Exercise goal:
Start to finish, print the data below exactly, without the images.

** Listed entries follows **

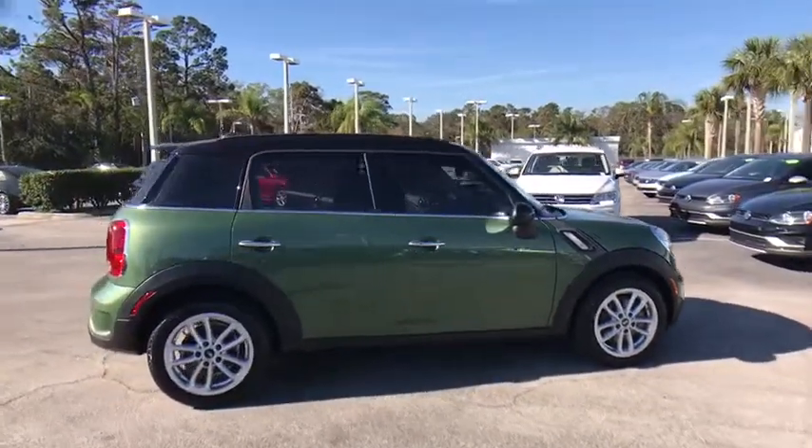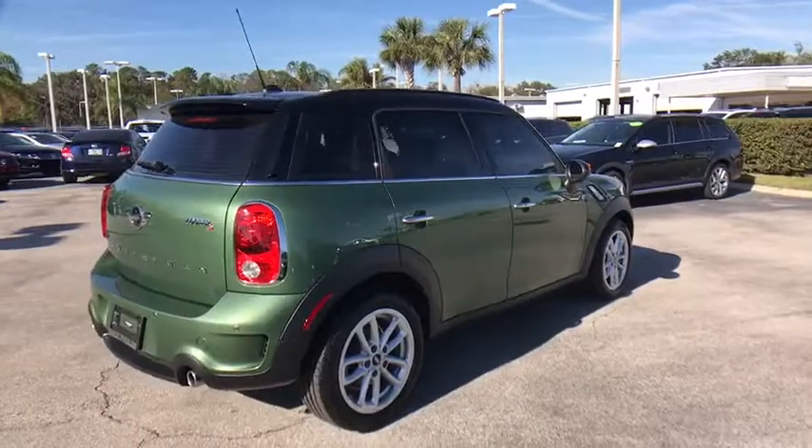This vehicle has less than 35,000 miles. Here are some of this vehicle's great options.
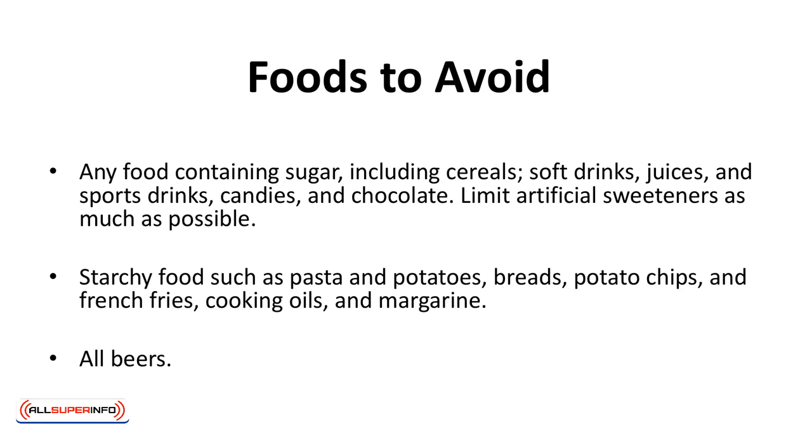Foods to avoid: any food containing sugar, including cereals, soft drinks, juices and sports drinks, and candies and chocolate. Limit artificial sweeteners as much as possible. Starchy foods such as pasta, potatoes, breads, potato chips, and french fries. Also avoid cooking oils, margarine, and all beers.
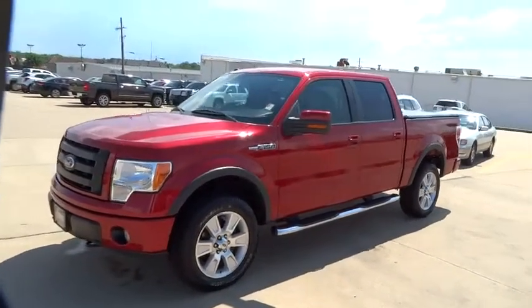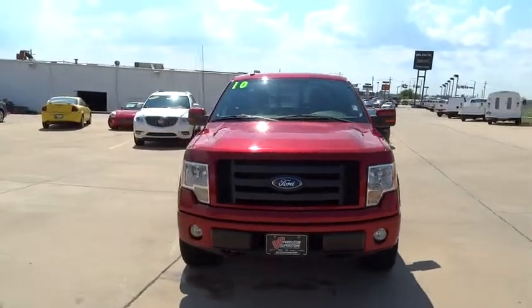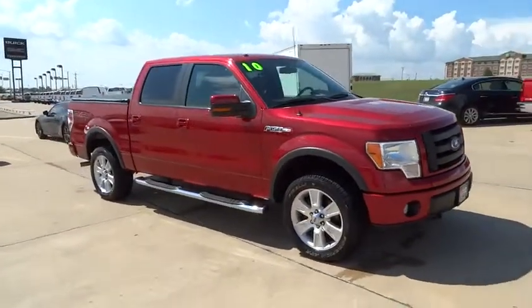The 2010 F-150. A Ford F-150 knows how to handle any situation. It's built to follow orders. No whining. Here are some of this vehicle's great options.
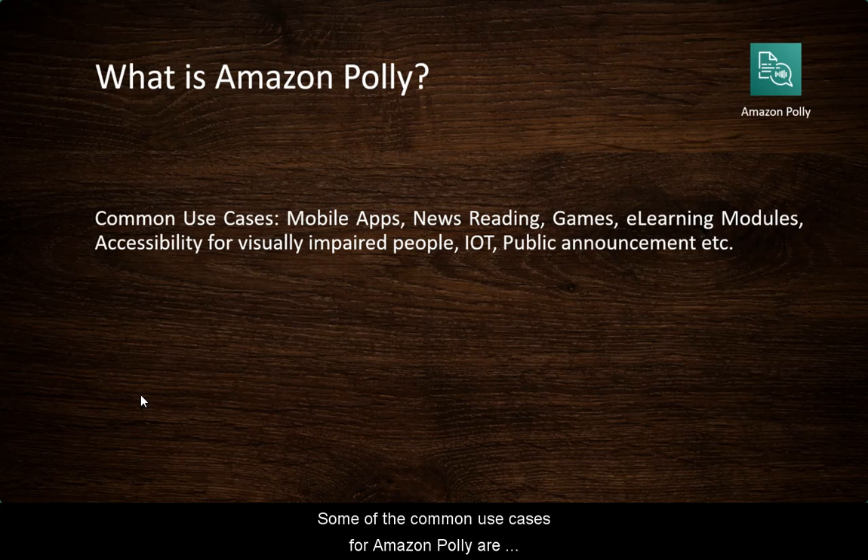Some of the common use cases for Amazon Polly are mobile apps, news reading, games, e-learning modules, accessibility for visually impaired people, IoT, public announcements, and more.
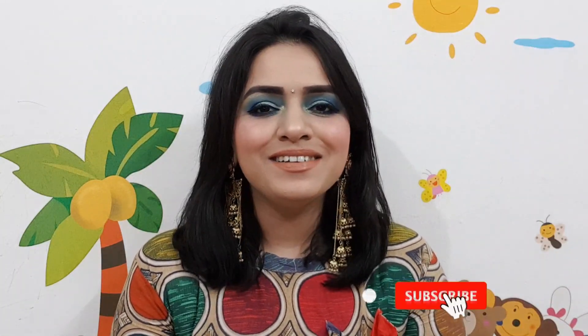So guys, if you liked this video please subscribe to my channel, like it, and share it with your friends. Let me know in the comments section how you felt about this video — I'd love to hear from you. Many viewers watch but don't subscribe — please, if you enjoy the content, subscribe to my channel. Bye bye and see you next time!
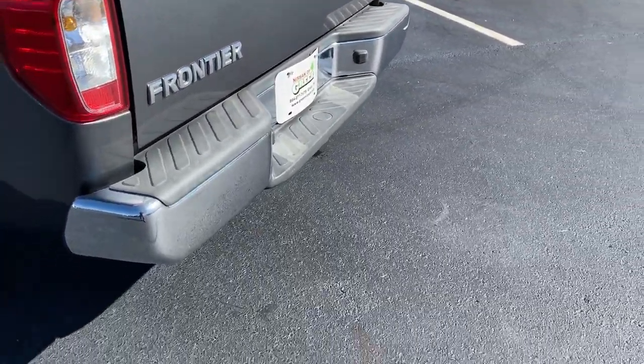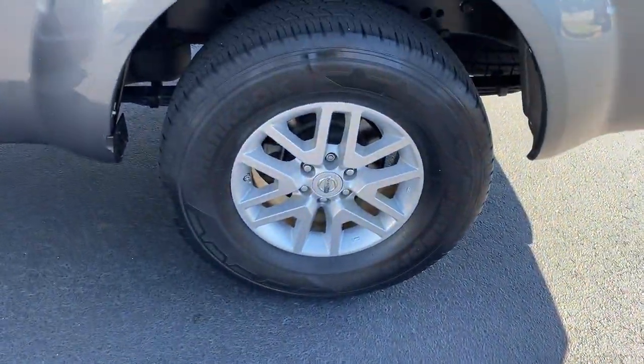Feel ready to meet the challenge in this capable Frontier. Treat yourself to a test drive today. Our staff will toss you the keys and give you an outstanding customer experience.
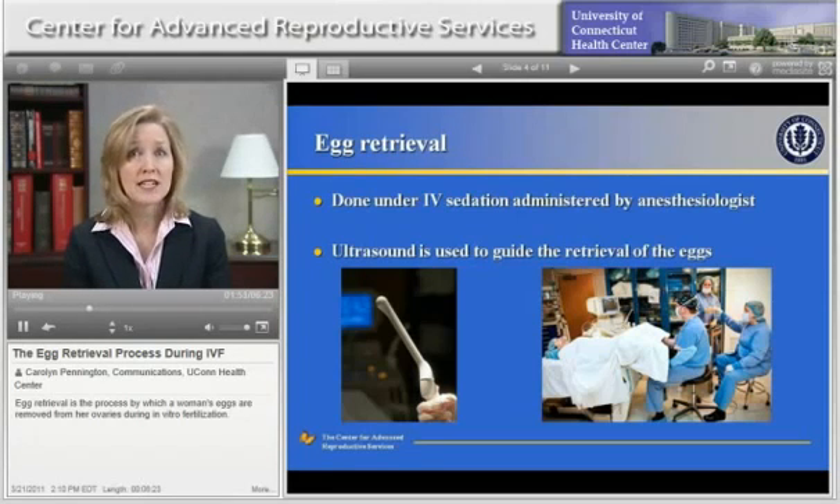The procedure room is located adjacent to our embryology lab. The embryology lab has specialized equipment for the eggs, sperm, and embryos. Personnel with highly specialized training, called embryologists, handle the eggs, sperm, and embryos in the lab and work under microscopes to do so.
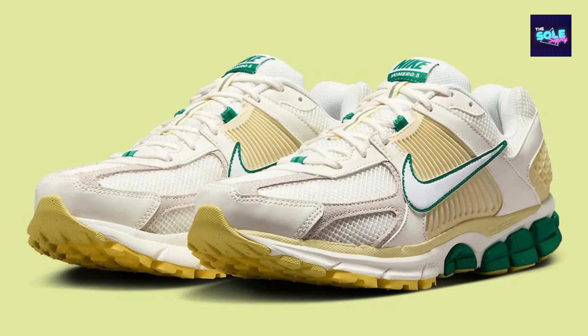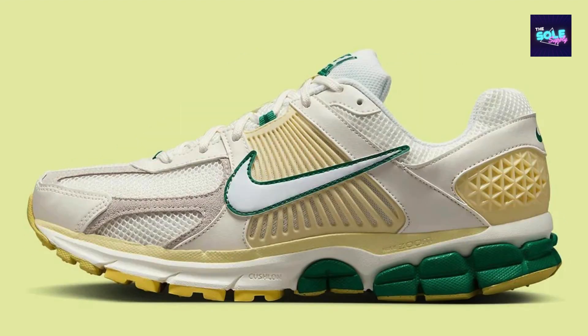The Nike Zoom Vomero 5 FN8361-100, released in summer 2024 as part of the Back Nine Inches collection, offers a compelling combination of comfort, durability, and style. Here's a closer look at this shoe's design and materials.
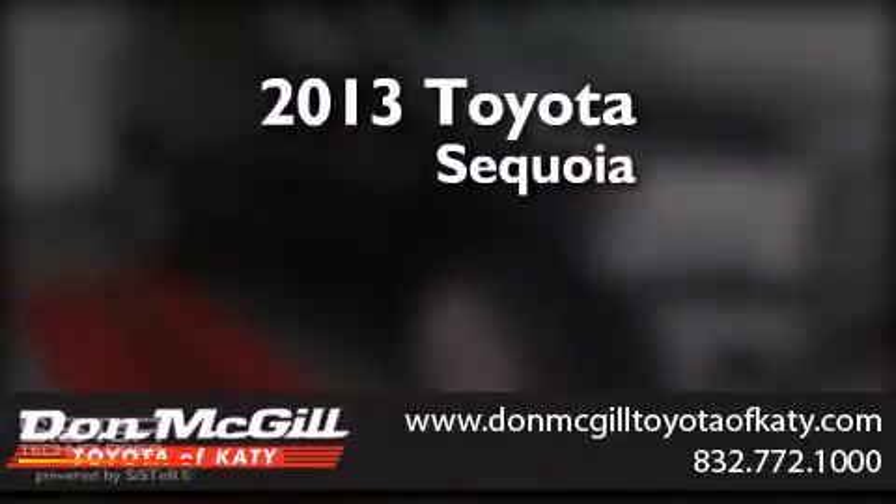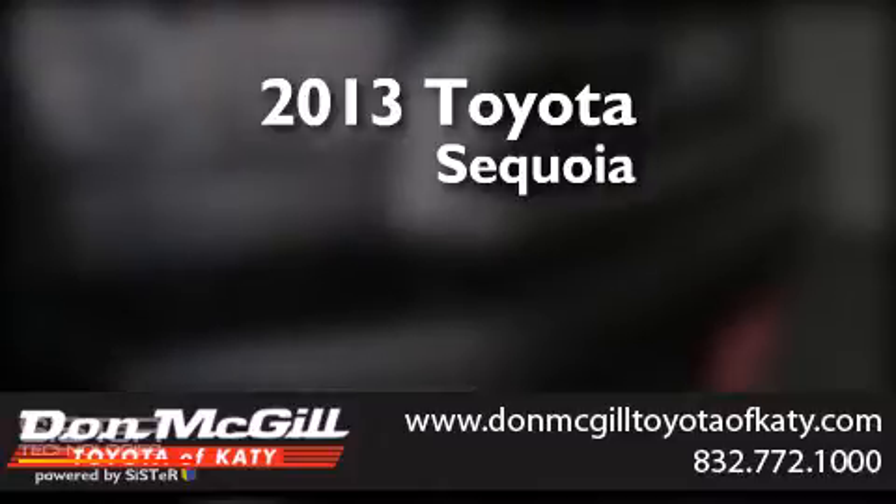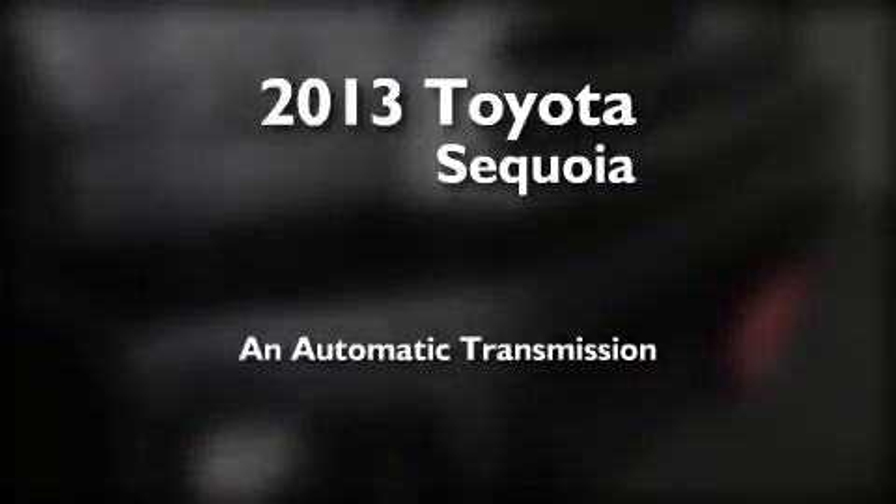This is a brand new 2013 Toyota Sequoia. This SUV has an automatic transmission and a V8.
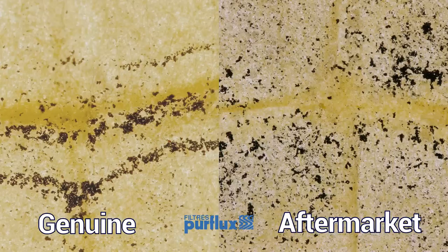Now comparing the genuine Perflux filter with the aftermarket one — honestly, it seems that in this case the aftermarket product did a better job at retaining particles, although it's possible the area from which the sample was cut received fewer particles. In any case, it looks like the original and the aftermarket product use the same or very similar media materials and have similar performance.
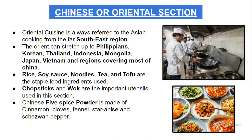The oriental or Chinese section prepares dishes from all those regions. Rice, soya sauce, noodles, tea, and tofu are the staple food ingredients used here. Chopsticks and wok are the important utensils used in this section. The wok has thin walls and thin layers, and is used to distribute heat inside the food.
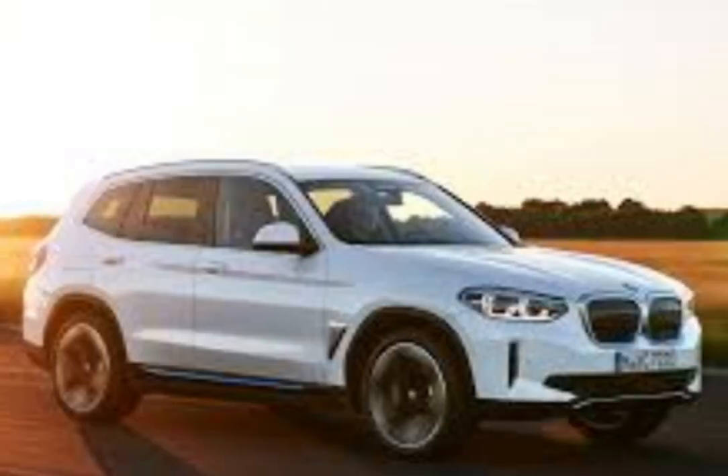But what's it like to drive? The 9.3 is powered by a single electric motor, delivering 286 horsepower and 400 newton meters of torque. It may be an electric SUV, but don't be fooled — this thing moves. It'll get you from 0 to 100 kilometers per hour in just 6.8 seconds, with a top speed of 180 kilometers per hour. And thanks to BMW's rear-wheel drive setup and adaptive suspension, the handling is sharp and precise, just like you'd expect from the brand.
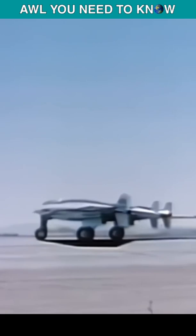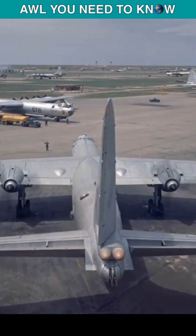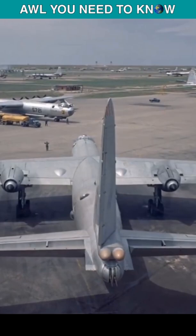The XB-35 was a flying wing aircraft, smaller in size but comparable in many performance features. Both bombers suffered technological problems, but the Air Force believed that the problems on the B-36 were easier to solve.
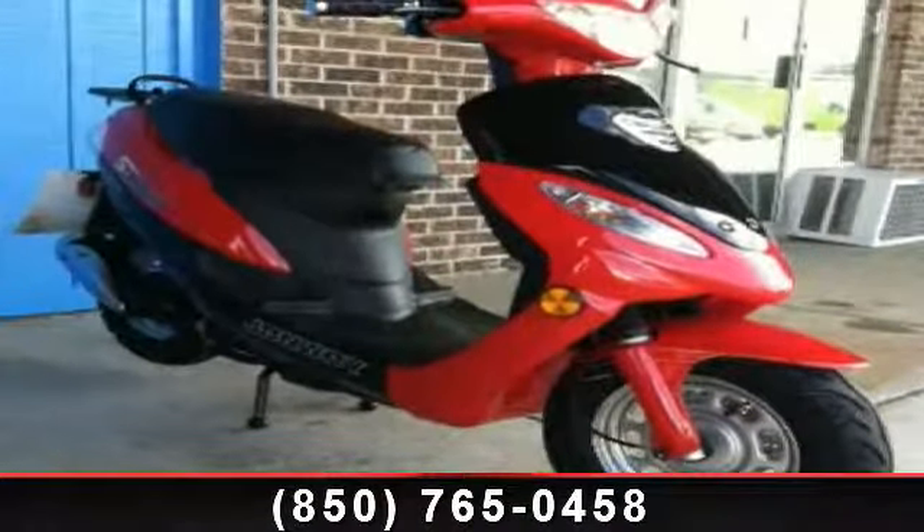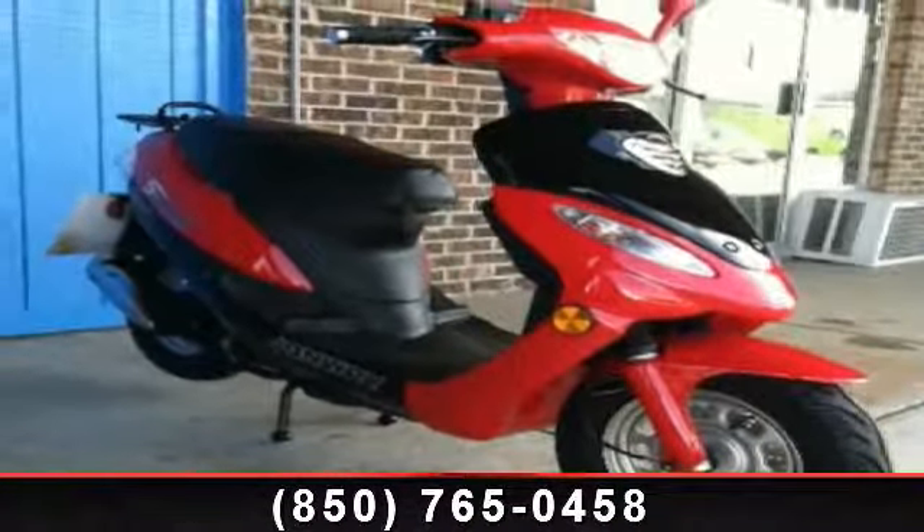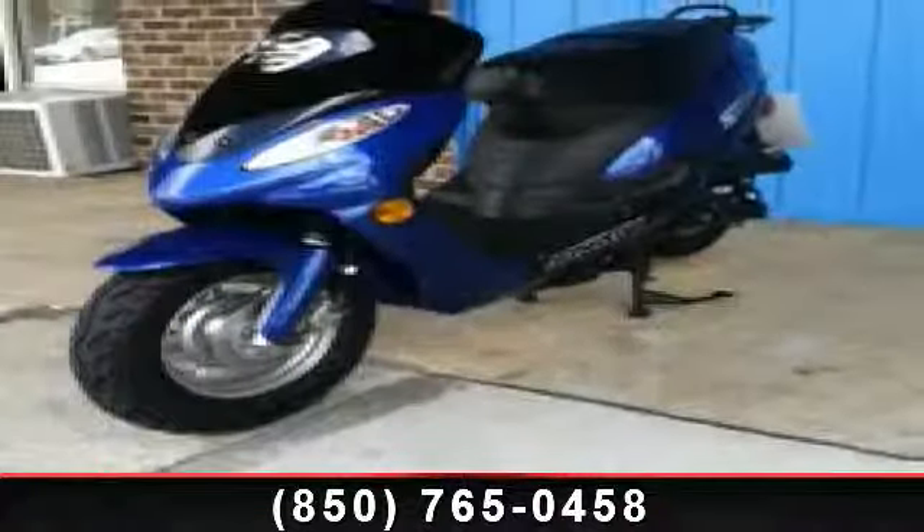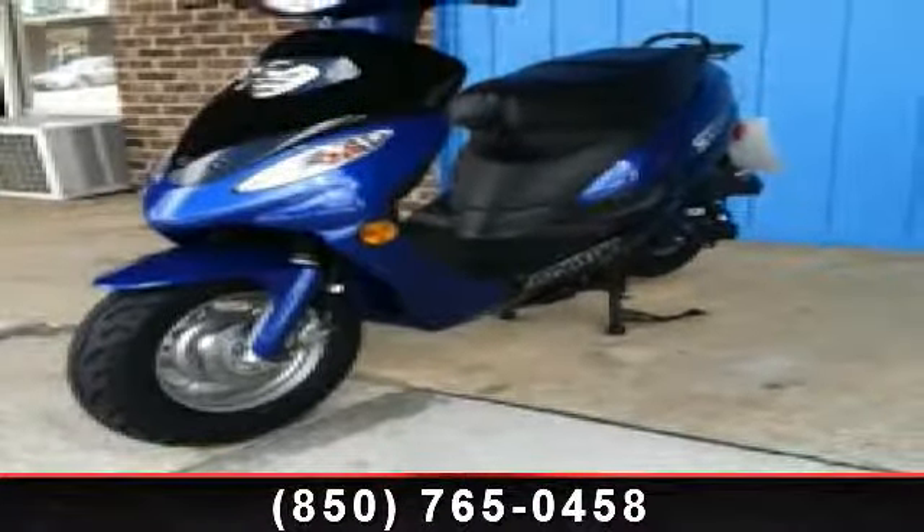Check out this 2013 John Way Agility 49cc. This is the motorcycle you've been looking for — this bike has an engine size of 49cc. Low mileage is an important factor in your purchase, and this vehicle delivers a low odometer reading. Let us put you on this bike today. Call or click to schedule a test ride.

** End of Listed entries **

Response for this exercise:
This vehicle has less than 35,000 miles. Here are some of this vehicle's great options.
Foods to avoid: any food containing sugar, including cereals, soft drinks, juices and sports drinks, and candies and chocolate. Limit artificial sweeteners as much as possible. Starchy foods such as pasta, potatoes, breads, potato chips, and french fries. Also avoid cooking oils, margarine, and all beers.
The 2010 F-150. A Ford F-150 knows how to handle any situation. It's built to follow orders. No whining. Here are some of this vehicle's great options.
Some of the common use cases for Amazon Polly are mobile apps, news reading, games, e-learning modules, accessibility for visually impaired people, IoT, public announcements, and more.
So guys, if you liked this video please subscribe to my channel, like it, and share it with your friends. Let me know in the comments section how you felt about this video — I'd love to hear from you. Many viewers watch but don't subscribe — please, if you enjoy the content, subscribe to my channel. Bye bye and see you next time!
Feel ready to meet the challenge in this capable Frontier. Treat yourself to a test drive today. Our staff will toss you the keys and give you an outstanding customer experience.
The procedure room is located adjacent to our embryology lab. The embryology lab has specialized equipment for the eggs, sperm, and embryos. Personnel with highly specialized training, called embryologists, handle the eggs, sperm, and embryos in the lab and work under microscopes to do so.
The Nike Zoom Vomero 5 FN8361-100, released in summer 2024 as part of the Back Nine Inches collection, offers a compelling combination of comfort, durability, and style. Here's a closer look at this shoe's design and materials.
This is a brand new 2013 Toyota Sequoia. This SUV has an automatic transmission and a V8.
Now comparing the genuine Perflux filter with the aftermarket one — honestly, it seems that in this case the aftermarket product did a better job at retaining particles, although it's possible the area from which the sample was cut received fewer particles. In any case, it looks like the original and the aftermarket product use the same or very similar media materials and have similar performance.
The oriental or Chinese section prepares dishes from all those regions. Rice, soya sauce, noodles, tea, and tofu are the staple food ingredients used here. Chopsticks and wok are the important utensils used in this section. The wok has thin walls and thin layers, and is used to distribute heat inside the food.
But what's it like to drive? The 9.3 is powered by a single electric motor, delivering 286 horsepower and 400 newton meters of torque. It may be an electric SUV, but don't be fooled — this thing moves. It'll get you from 0 to 100 kilometers per hour in just 6.8 seconds, with a top speed of 180 kilometers per hour. And thanks to BMW's rear-wheel drive setup and adaptive suspension, the handling is sharp and precise, just like you'd expect from the brand.
The XB-35 was a flying wing aircraft, smaller in size but comparable in many performance features. Both bombers suffered technological problems, but the Air Force believed that the problems on the B-36 were easier to solve.
Check out this 2013 John Way Agility 49cc. This is the motorcycle you've been looking for — this bike has an engine size of 49cc. Low mileage is an important factor in your purchase, and this vehicle delivers a low odometer reading. Let us put you on this bike today. Call or click to schedule a test ride.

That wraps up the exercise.